その彼が書いた、あ~ら忘れた、インスマスの何とかの影、という怪奇小説をもとに、後世の作家たちが書いた、さまざまの「インスマス」ものを集めたアンソロジーが「インスマス年代記」だ。どの作品の水準もかなり高い。ということは、この数倍か数十倍の「インスマスもの」が実際にはきっと書かれているのだろう。

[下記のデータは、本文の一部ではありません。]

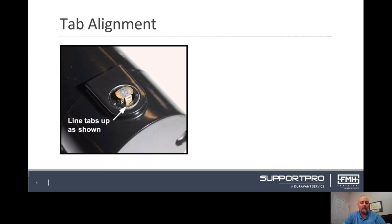Once work is complete, connect power back to the unit. This simple maintenance procedure will provide your motor with a longer life and will reduce downtime on your equipment.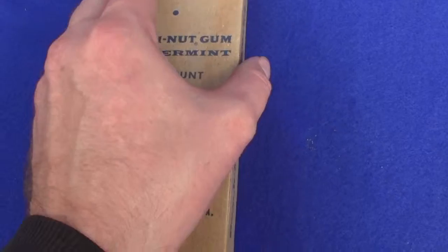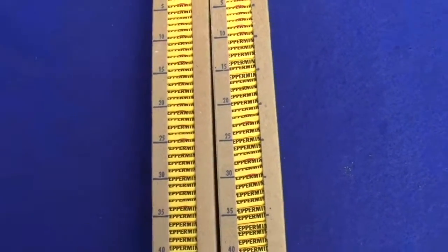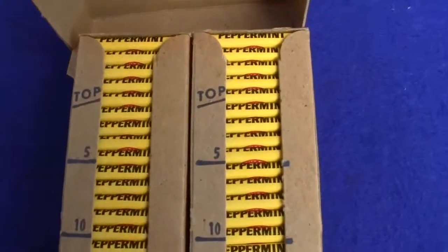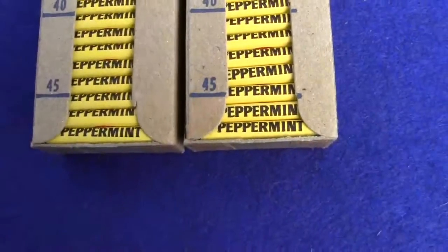Now you just lift the top of the box off right here and you can see all 100 pieces are right there in the original trays, and it has the count of how many pieces are in each one.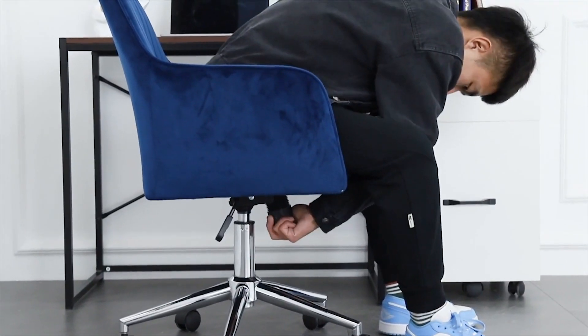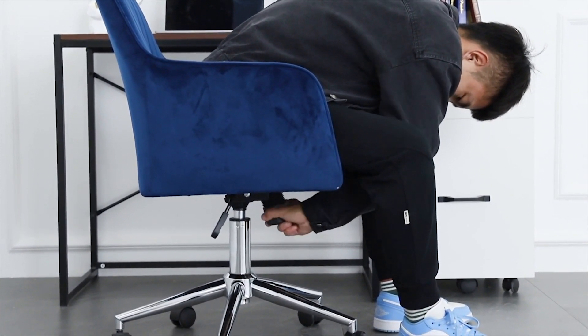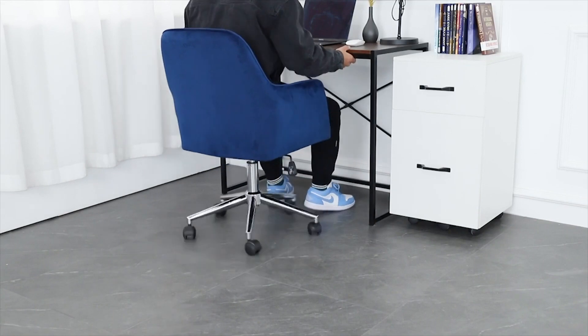This black hand wheel can control the size of the free angle — the looser, the larger the free angle, but don't screw it too loosely or it will fall off. When you adjust the chair to your best satisfaction, you can start your day's work.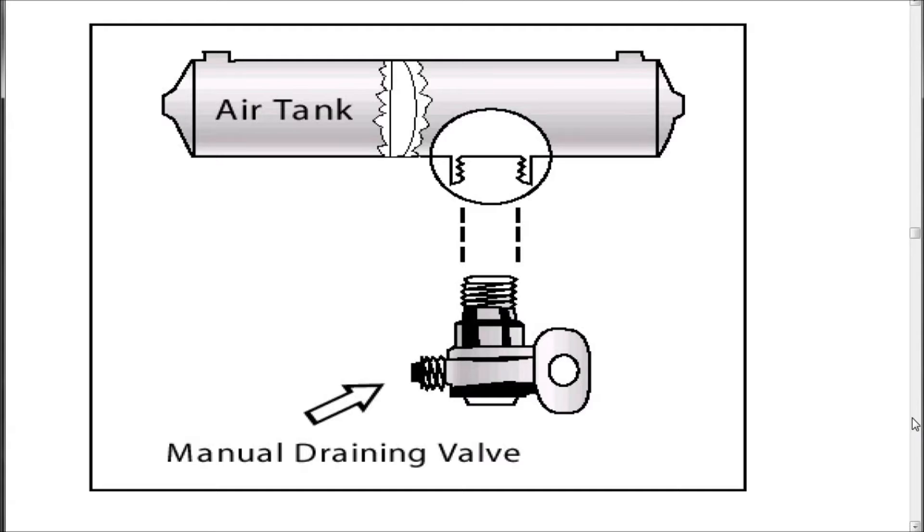Figure 5.1 — Manual draining valve. Here we see the air tank. This would apparently be the inlet valve here for the air to go in, and this would be the outlet port for the air to leave. On the bottom we have the manual draining valve, which is a fitting that fits here.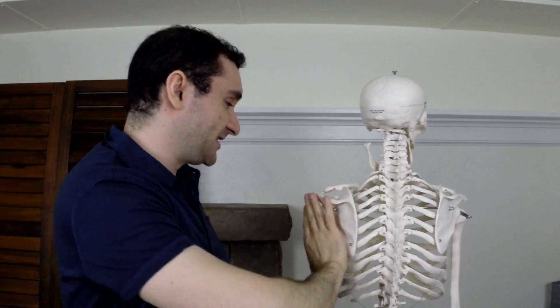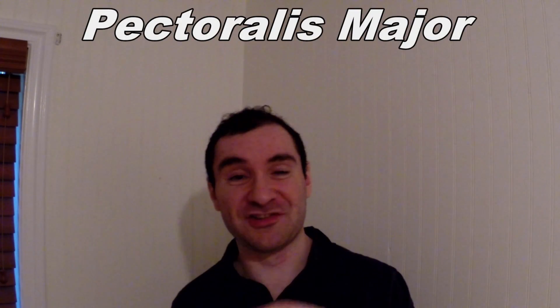We'll be doing the same thing to stretch the pec minor, except we'll be going higher up in the corner of the room. When you raise your arm up over your head, the higher you go, you are upwardly rotating your shoulder blade more, so you are better targeting the pec minor to stretch it effectively.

インスマスは海岸の小さな町で、ここに海から上がってきた魚と人間の混血の両棲類が住み着いて、人間の征服をたくらんでいる、という話なのだが、たまたまここを訪れた青年が必死で逃げ出すまでの、そのさびれた港町の描写は出色だ。特におどろおどろしくもなく、格調高いと言いたいぐらい落ちついた文体で、見知らぬ町の無気味さを描いている。小野不由美の「屍鬼」は山村の恐さだったが、これは漁村の恐さかな。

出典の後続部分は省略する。